Below are entries; output exactly the lines from the one with "Lovely Cascina. Stunning" to the one with "鉄板ダイニング おっとり", both included, and nothing else.

[Given data Boundary: Start]

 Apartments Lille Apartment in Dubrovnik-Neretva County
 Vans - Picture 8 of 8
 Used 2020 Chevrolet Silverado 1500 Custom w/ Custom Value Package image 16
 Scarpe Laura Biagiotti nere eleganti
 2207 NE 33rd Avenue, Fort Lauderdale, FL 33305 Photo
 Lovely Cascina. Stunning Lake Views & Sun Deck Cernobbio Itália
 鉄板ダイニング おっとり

[Given data Boundary: End]
[Given data Boundary: Start]

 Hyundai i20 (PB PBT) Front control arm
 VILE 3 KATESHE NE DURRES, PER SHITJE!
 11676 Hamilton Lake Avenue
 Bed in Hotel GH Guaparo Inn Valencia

[Given data Boundary: End]
[Given data Boundary: Start]

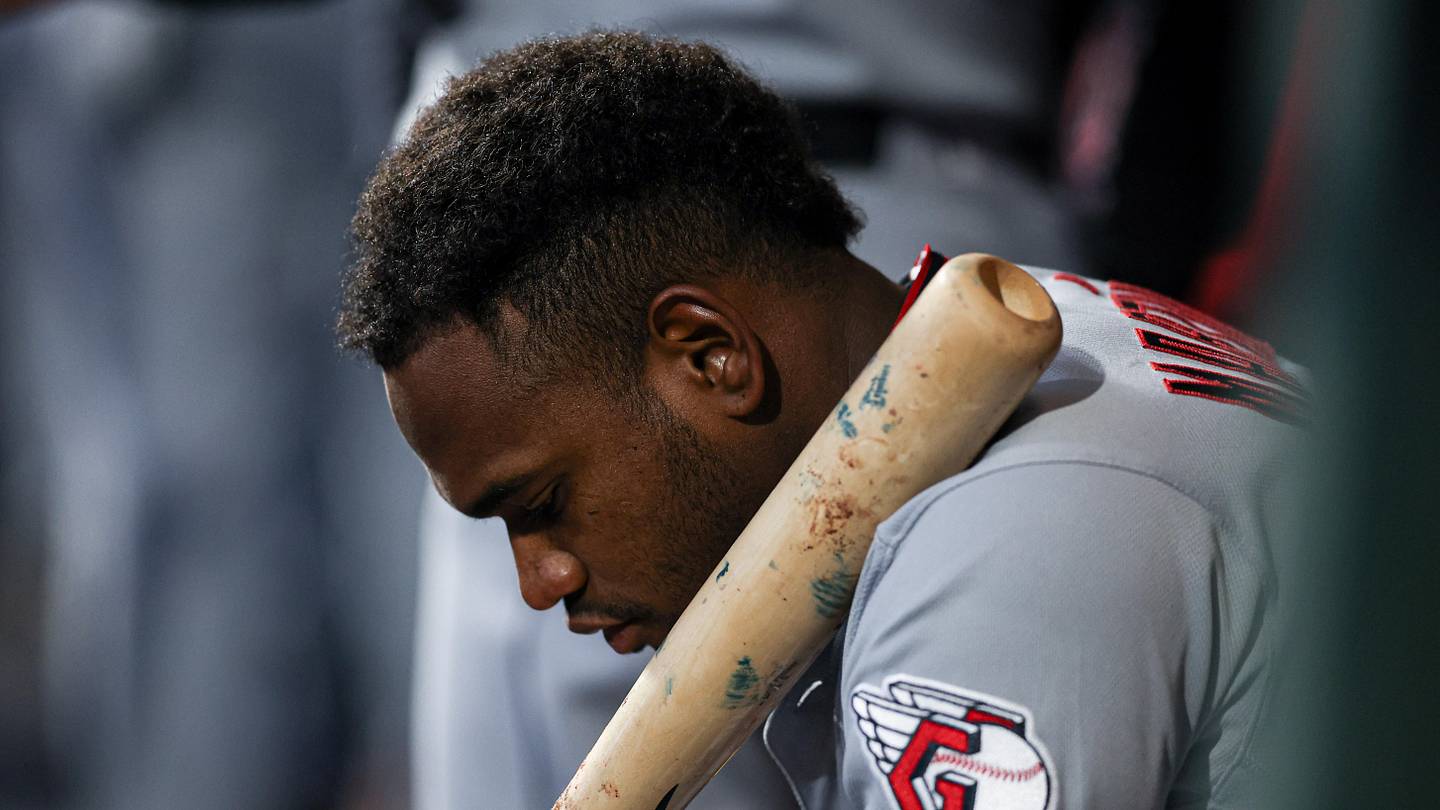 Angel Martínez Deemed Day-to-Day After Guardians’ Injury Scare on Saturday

[Given data Boundary: End]

*Solution*
 Lovely Cascina. Stunning Lake Views & Sun Deck Cernobbio Itália
 鉄板ダイニング おっとり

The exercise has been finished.